Begin your copy at the line that holds "3904 Spring Cir" and carry it through the final line of the data, writing out each line exactly and omitting pictures.

_EXERCISE MATERIALS_
━━━━━━

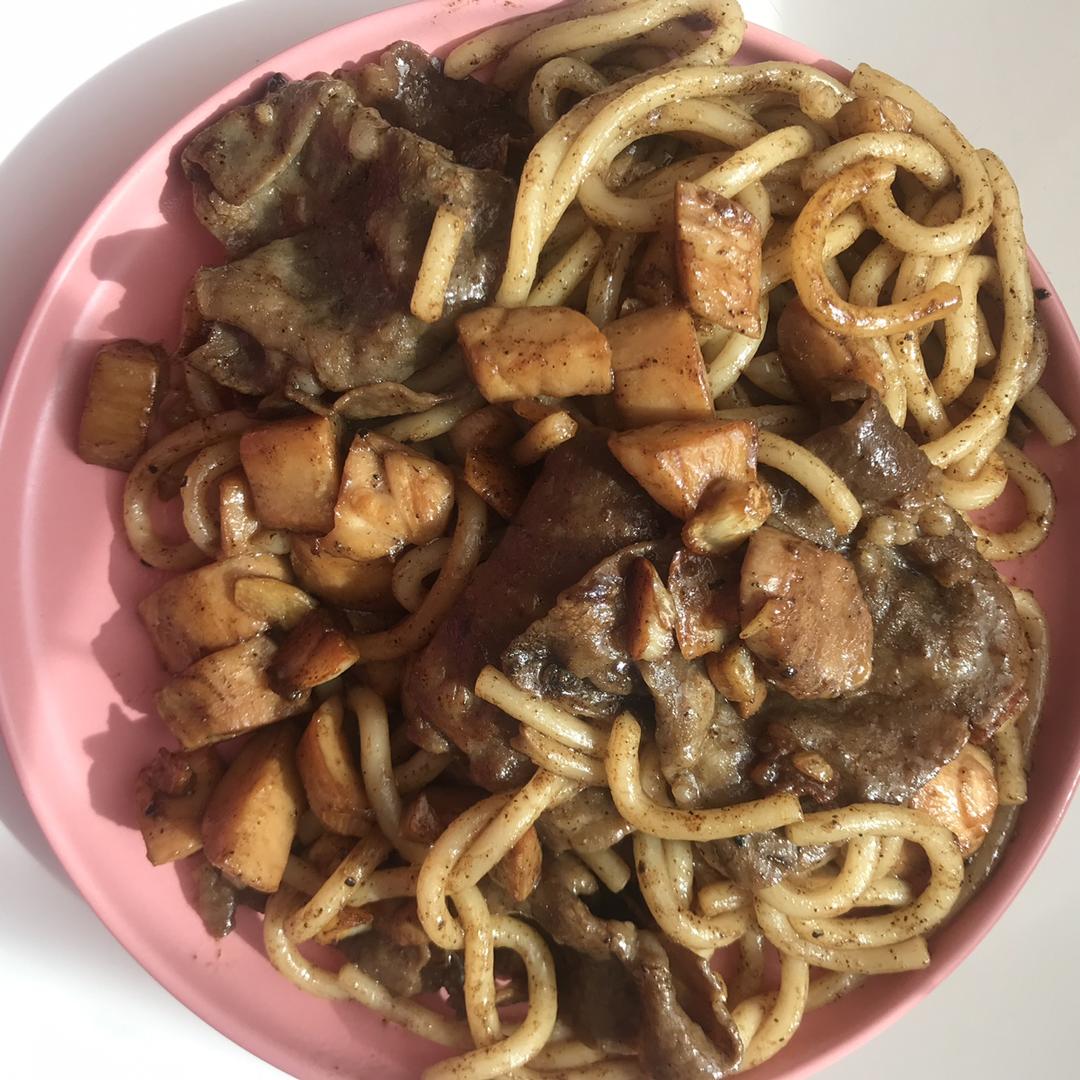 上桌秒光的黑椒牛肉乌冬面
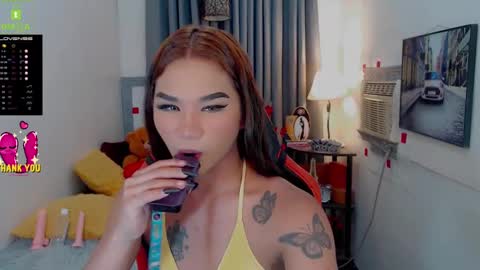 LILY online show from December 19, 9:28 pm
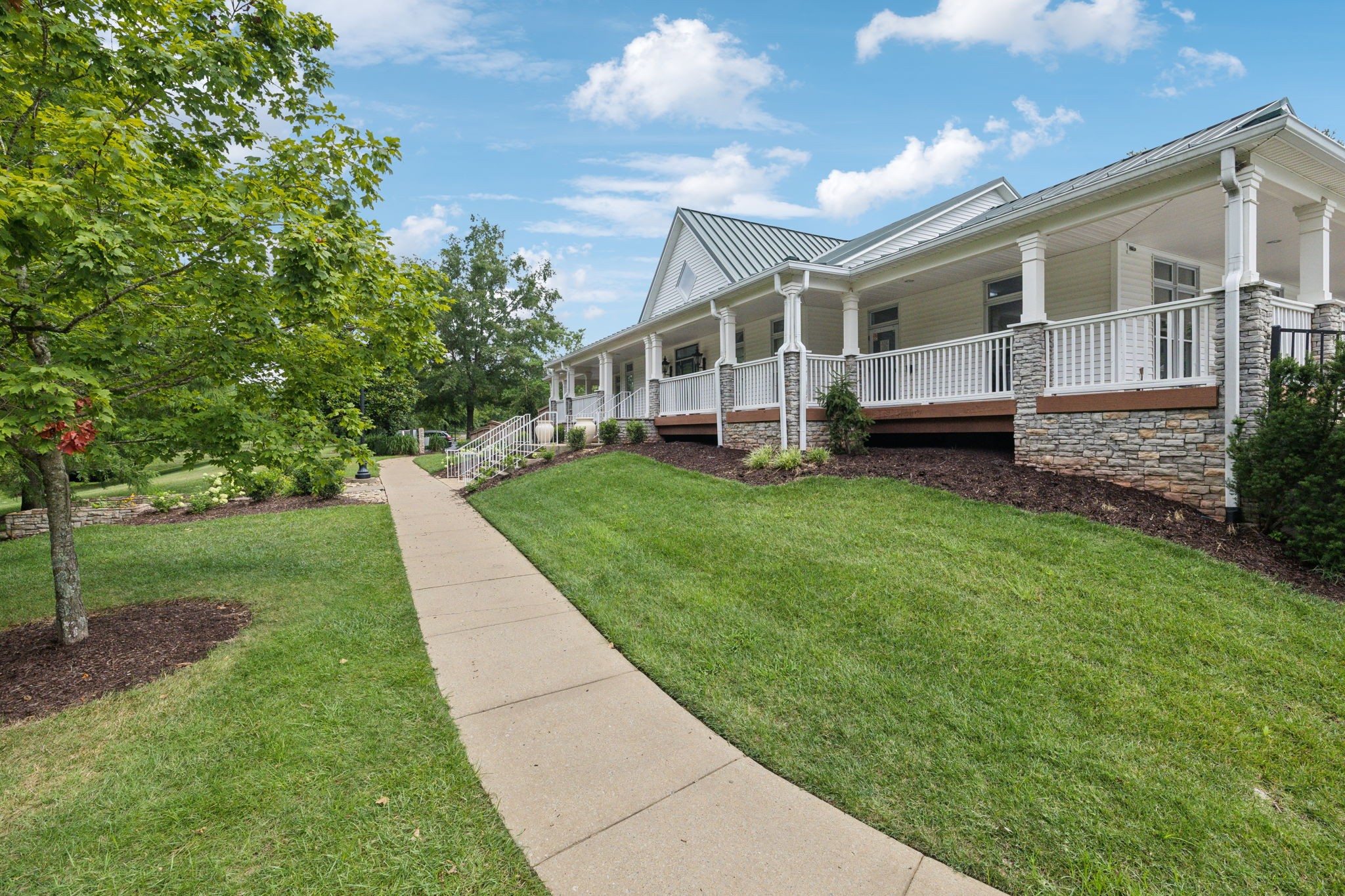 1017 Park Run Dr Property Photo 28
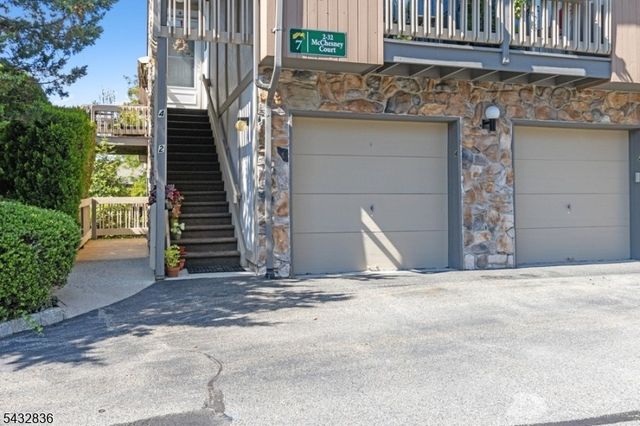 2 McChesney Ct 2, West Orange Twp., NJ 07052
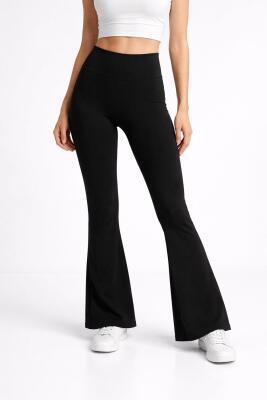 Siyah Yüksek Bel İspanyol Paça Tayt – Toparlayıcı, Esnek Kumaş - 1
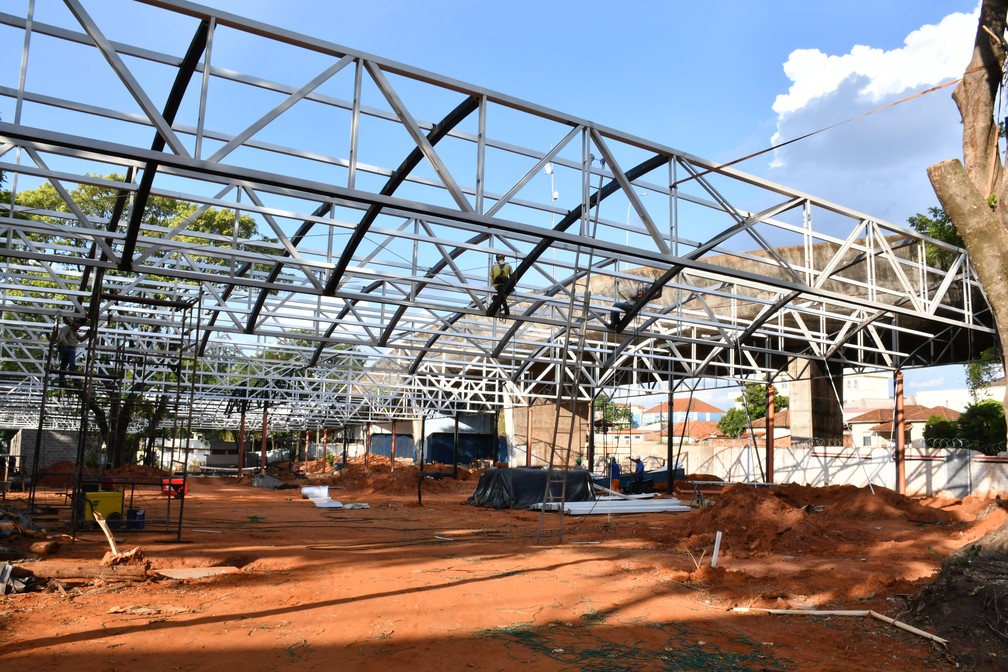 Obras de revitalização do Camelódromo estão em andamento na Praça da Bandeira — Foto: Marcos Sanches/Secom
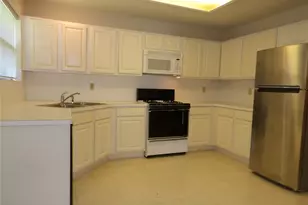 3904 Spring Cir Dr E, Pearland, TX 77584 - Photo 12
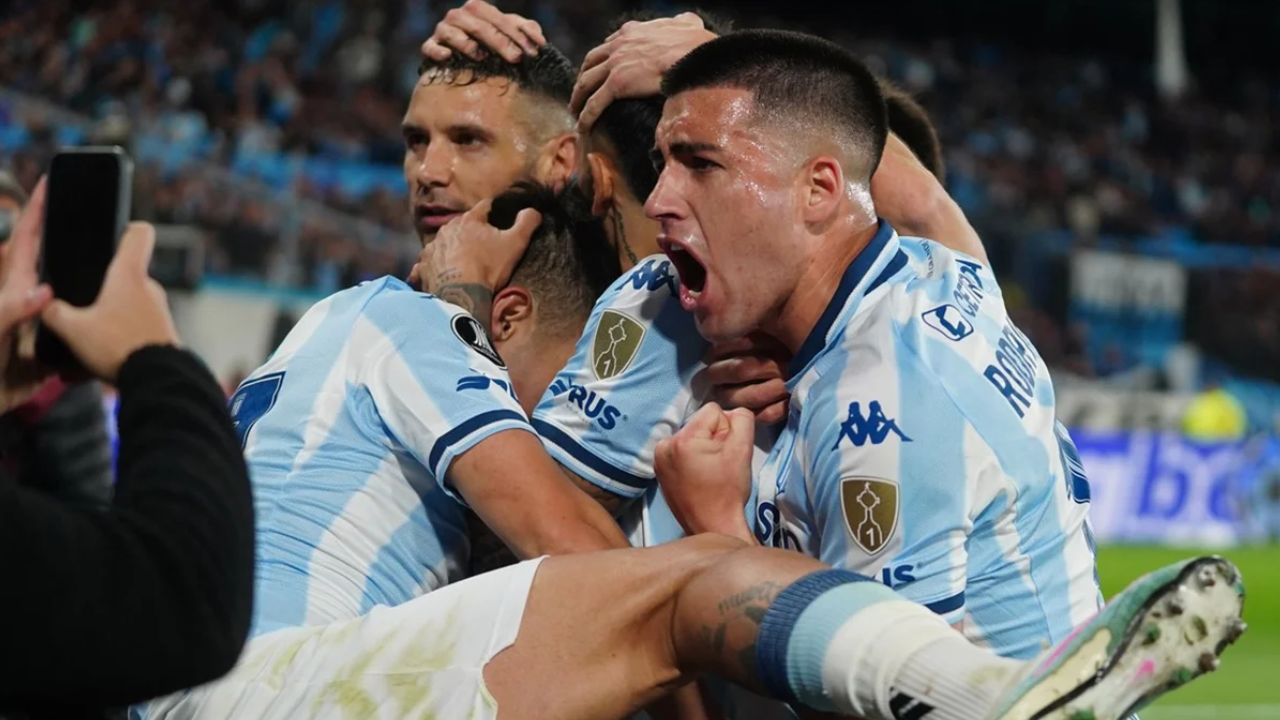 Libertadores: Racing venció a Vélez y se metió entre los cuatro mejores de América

━━━━━━

_EXERCISE OUTPUT_
 3904 Spring Cir Dr E, Pearland, TX 77584 - Photo 12
 Libertadores: Racing venció a Vélez y se metió entre los cuatro mejores de América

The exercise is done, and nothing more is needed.